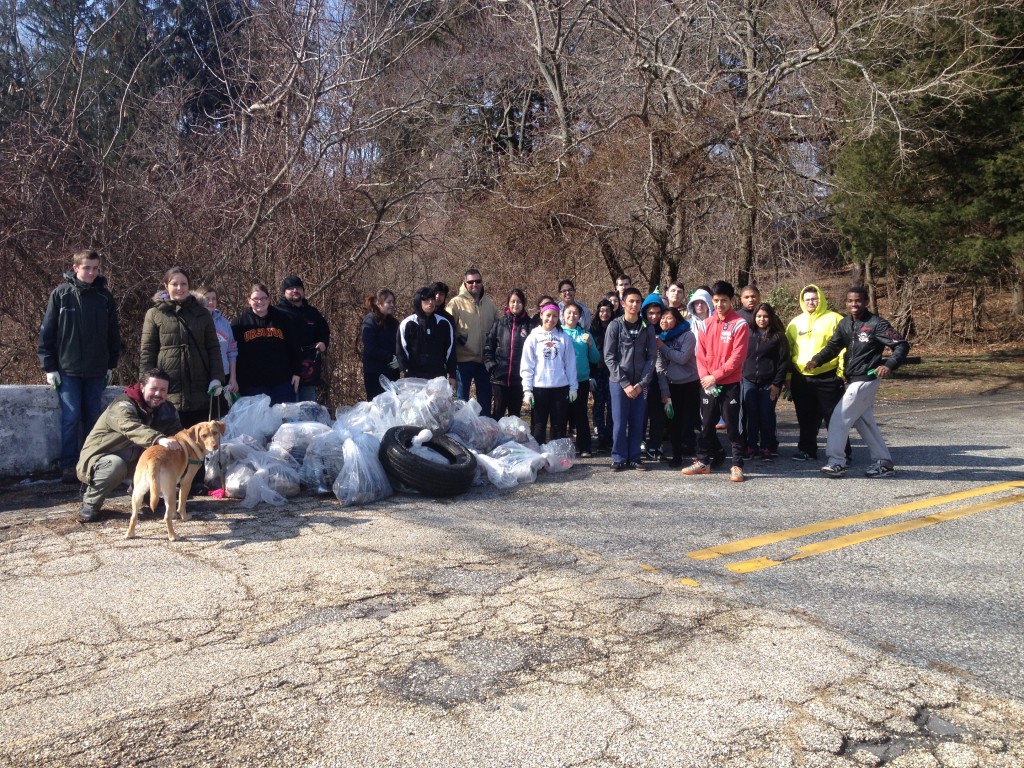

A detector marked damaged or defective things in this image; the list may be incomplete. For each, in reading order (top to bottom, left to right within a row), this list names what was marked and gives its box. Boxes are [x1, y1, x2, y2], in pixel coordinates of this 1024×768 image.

cracked asphalt road [2, 392, 1024, 764]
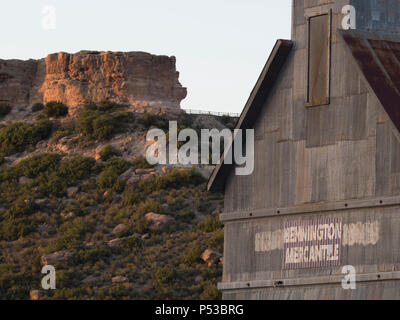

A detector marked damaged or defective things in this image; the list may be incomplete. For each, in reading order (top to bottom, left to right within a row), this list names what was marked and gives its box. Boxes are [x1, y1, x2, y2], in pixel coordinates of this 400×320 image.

rusty metal roof edge [208, 38, 292, 191]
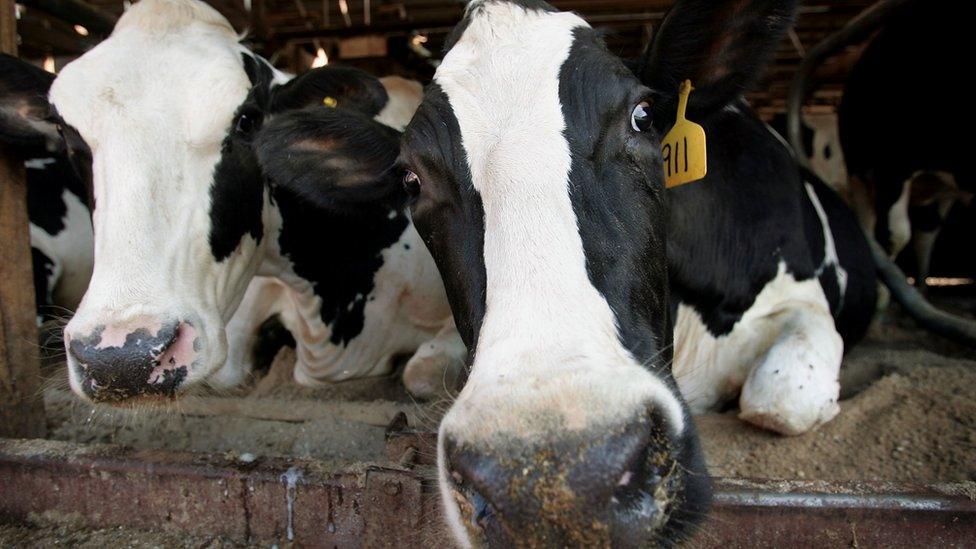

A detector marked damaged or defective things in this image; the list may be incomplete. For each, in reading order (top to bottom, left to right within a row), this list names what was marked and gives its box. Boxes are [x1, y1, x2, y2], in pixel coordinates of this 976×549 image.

rusty metal barrier [1, 436, 976, 548]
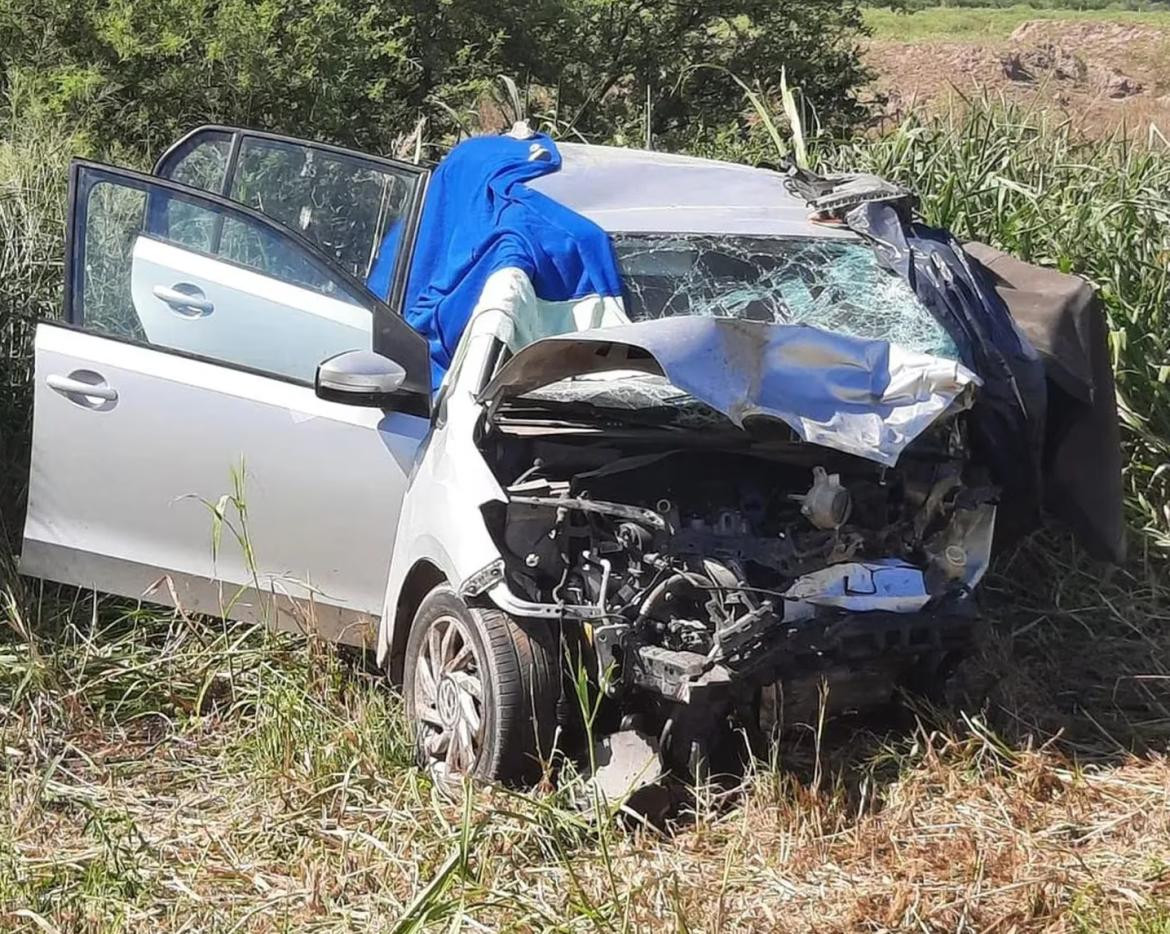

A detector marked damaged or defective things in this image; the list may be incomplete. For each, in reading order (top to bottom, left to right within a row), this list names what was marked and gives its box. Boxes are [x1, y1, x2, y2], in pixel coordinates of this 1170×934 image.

shattered windshield [612, 234, 960, 362]
crashed white car [20, 124, 1120, 784]
crumpled hood [480, 318, 980, 468]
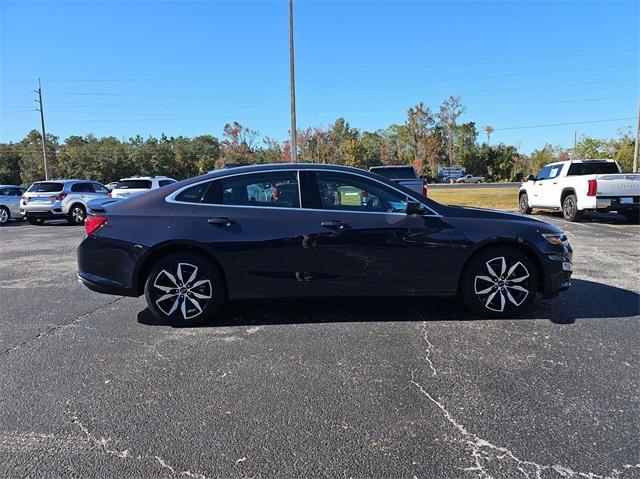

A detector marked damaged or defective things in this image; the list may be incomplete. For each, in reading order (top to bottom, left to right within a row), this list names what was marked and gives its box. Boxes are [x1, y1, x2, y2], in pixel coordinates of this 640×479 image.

parking lot crack [0, 298, 124, 358]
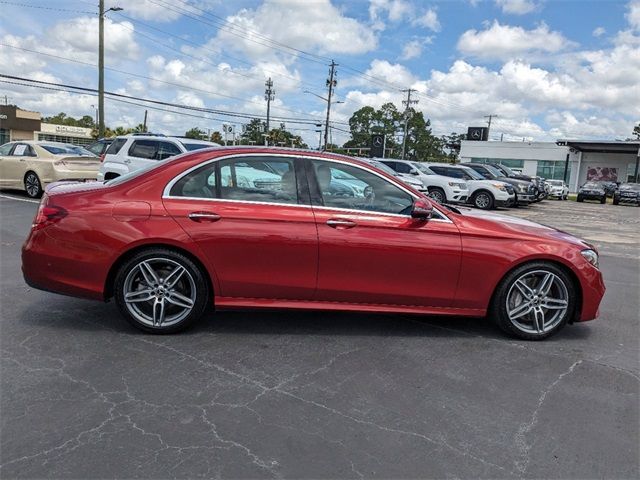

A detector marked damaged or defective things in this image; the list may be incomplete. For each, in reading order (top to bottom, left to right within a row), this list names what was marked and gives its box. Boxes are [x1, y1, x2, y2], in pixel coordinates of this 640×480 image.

cracked pavement [0, 193, 636, 478]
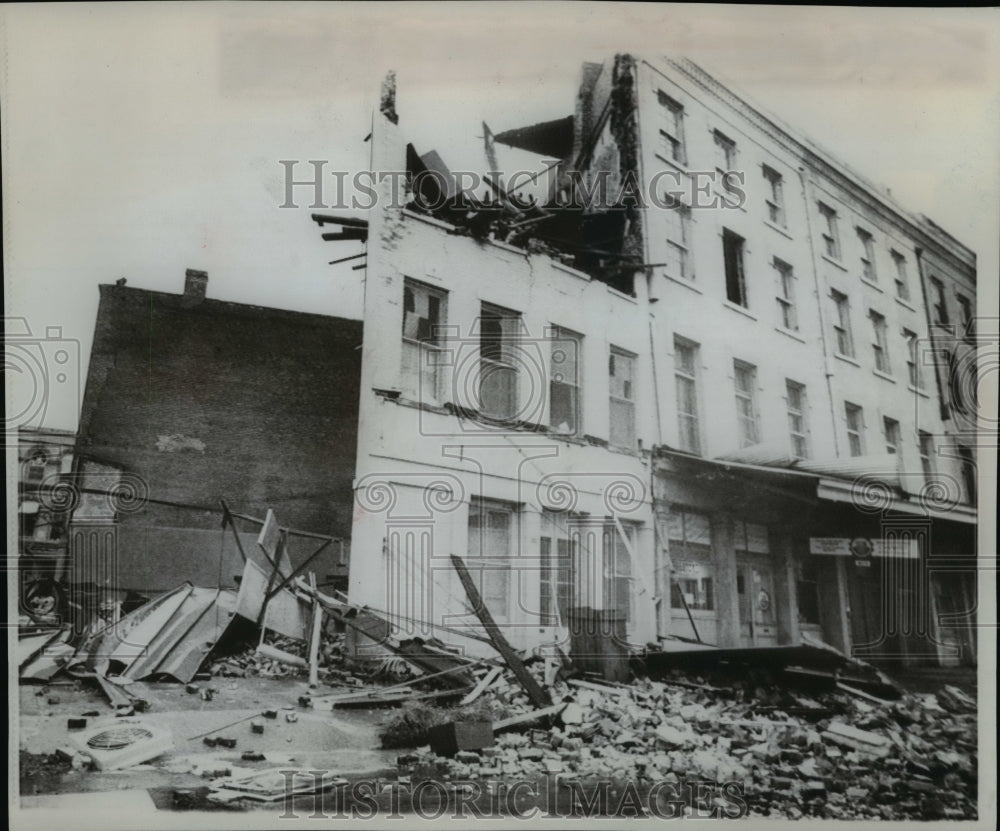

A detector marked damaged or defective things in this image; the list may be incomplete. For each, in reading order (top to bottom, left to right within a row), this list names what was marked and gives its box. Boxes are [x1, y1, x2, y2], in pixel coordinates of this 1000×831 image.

damaged facade [340, 55, 980, 668]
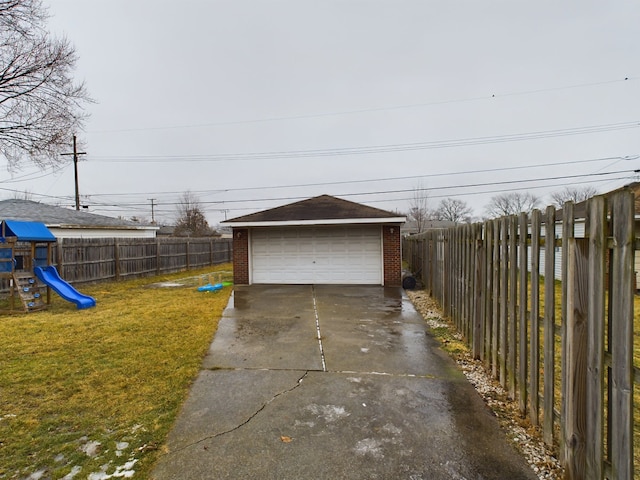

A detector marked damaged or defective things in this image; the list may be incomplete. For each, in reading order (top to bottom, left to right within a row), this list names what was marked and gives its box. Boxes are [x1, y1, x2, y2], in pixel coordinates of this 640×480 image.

crack in concrete [166, 370, 308, 456]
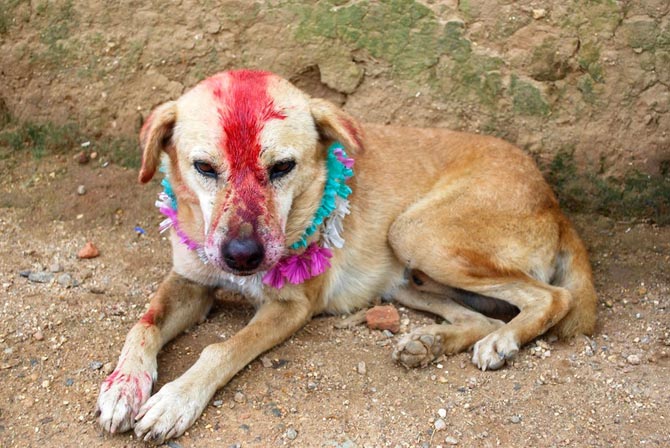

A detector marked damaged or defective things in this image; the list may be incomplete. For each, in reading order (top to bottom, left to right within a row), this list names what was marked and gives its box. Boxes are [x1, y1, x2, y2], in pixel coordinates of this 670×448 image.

cracked wall surface [0, 0, 668, 195]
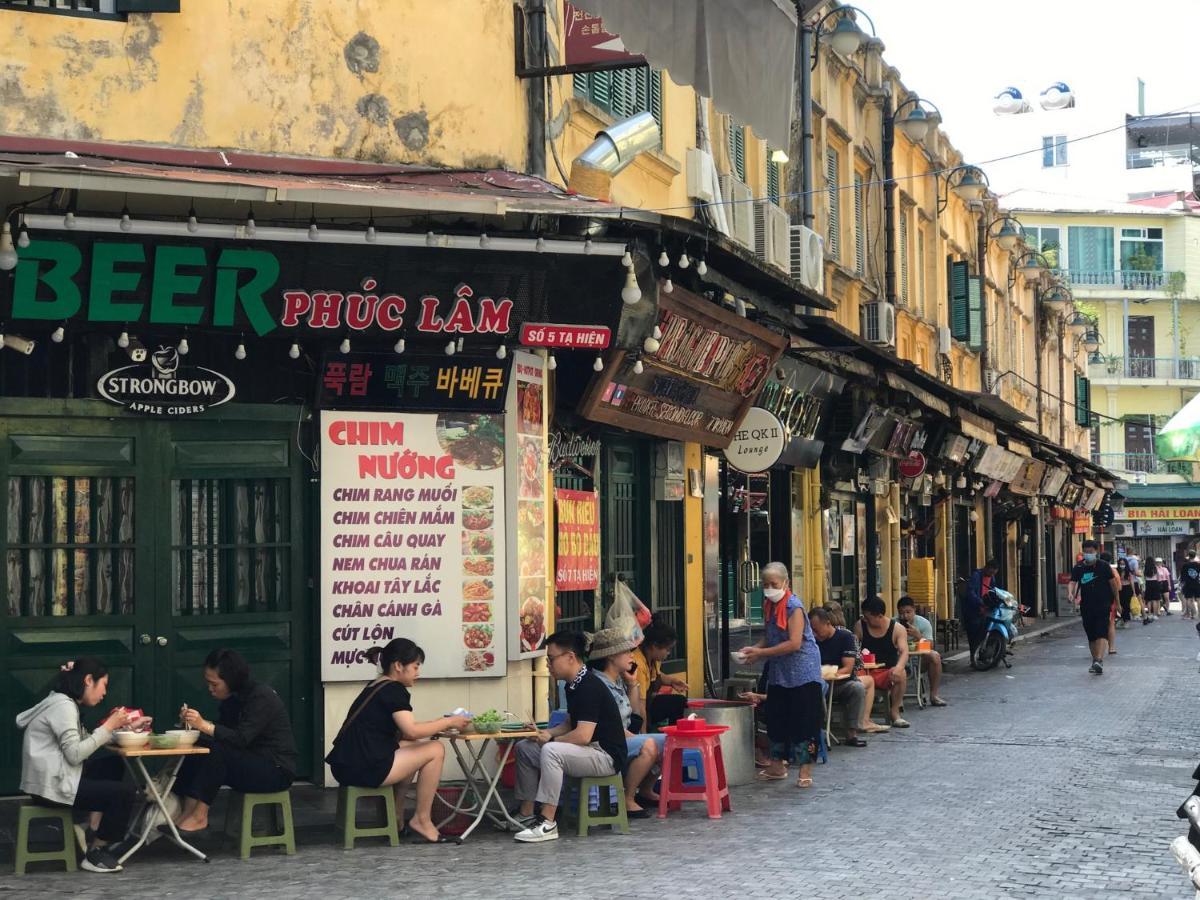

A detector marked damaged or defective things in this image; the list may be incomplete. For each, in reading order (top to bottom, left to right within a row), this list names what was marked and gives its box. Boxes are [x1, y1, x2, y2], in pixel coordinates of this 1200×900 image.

peeling paint wall [0, 0, 530, 168]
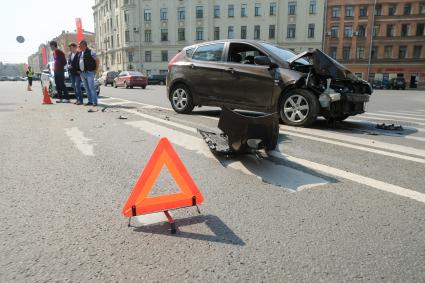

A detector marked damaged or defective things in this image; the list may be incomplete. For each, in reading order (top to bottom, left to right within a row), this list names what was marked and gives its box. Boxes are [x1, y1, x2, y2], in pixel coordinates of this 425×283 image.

damaged black car [166, 40, 372, 127]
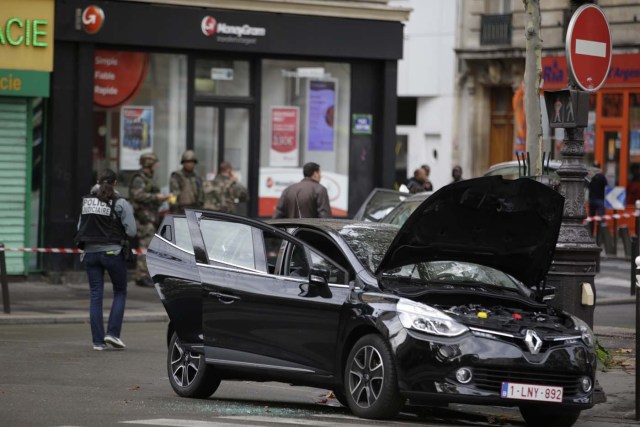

• _Exercise brief_: An exact repeat of all the data is required, pictures excluded.

• _Expected output_:
A detector marked damaged or defective things in this image; the list may be incomplete. For each, in reading order (top to bottom, left to right within a row), this list names what was marked and gives its box. Boxes are [x1, y1, x2, y2], in pixel coordinates of this 1024×768 image.

cracked asphalt road [2, 392, 1024, 764]

A detector marked damaged or defective things in this image; the list may be incomplete. For each, in reading order (top to bottom, left to right within a row), this list names what was marked and gives its box. Boxes are [x1, y1, x2, y2], in pixel coordinates of this 400×320 image.

rusty metal roof edge [208, 38, 292, 191]

A detector marked damaged or defective things in this image; the list may be incomplete. For each, in reading order (top to bottom, left to right within a row), this list names what was marked and gives its box. Boxes are [x1, y1, x2, y2], in pixel coordinates of this 976×549 image.

rusty metal barrier [1, 436, 976, 548]

A detector marked damaged or defective things in this image; the list may be incomplete. For each, in reading order (top to bottom, left to right within a row), this list names what was marked and gives its box. Boxes are [x1, y1, x2, y2], in pixel coordinates of this 1170×934 image.

shattered windshield [612, 234, 960, 362]
crashed white car [20, 124, 1120, 784]
crumpled hood [480, 318, 980, 468]

A detector marked damaged or defective things in this image; the list may be incomplete. For each, in reading order (top to bottom, left to right within a row), this list names what was marked and gives its box. Boxes are [x1, y1, x2, y2], in pixel coordinates of this 640×479 image.

parking lot crack [0, 298, 124, 358]

A detector marked damaged or defective things in this image; the list may be incomplete. For each, in reading order (top to bottom, left to right within a row), this list names what was marked and gives its box. Boxes are [x1, y1, x2, y2], in pixel coordinates of this 640×480 image.

cracked pavement [0, 193, 636, 478]

A detector marked damaged or defective things in this image; the list may be incomplete. For each, in reading order (top to bottom, left to right within a row), this list names what was marked and gives its box. Boxes are [x1, y1, x2, y2], in pixel coordinates of this 1000×831 image.

damaged facade [340, 55, 980, 668]

A detector marked damaged or defective things in this image; the list may be incomplete. For each, in reading order (top to bottom, left to right within a row), this list names what was marked and gives its box. Boxes are [x1, y1, x2, y2], in pixel coordinates of this 640×480 image.

crack in concrete [166, 370, 308, 456]

A detector marked damaged or defective things in this image; the list may be incomplete. For each, in reading order (top to bottom, left to right within a row), this list names what was marked and gives its box. Boxes are [x1, y1, x2, y2], in pixel coordinates of this 670×448 image.

cracked wall surface [0, 0, 668, 195]

A detector marked damaged or defective things in this image; the list may be incomplete. For each, in reading order (top to bottom, left to right within a row), this list names what was marked and gives its box. Boxes are [x1, y1, x2, y2], in pixel coordinates of this 1200×900 image.

peeling paint wall [0, 0, 530, 168]

A detector marked damaged or defective things in this image; the list may be incomplete. For each, in reading order (top to bottom, left to right within a row), this list names what was marked and gives its box. Boxes are [x1, y1, x2, y2], in pixel coordinates of this 425×283 image.

damaged black car [166, 40, 372, 127]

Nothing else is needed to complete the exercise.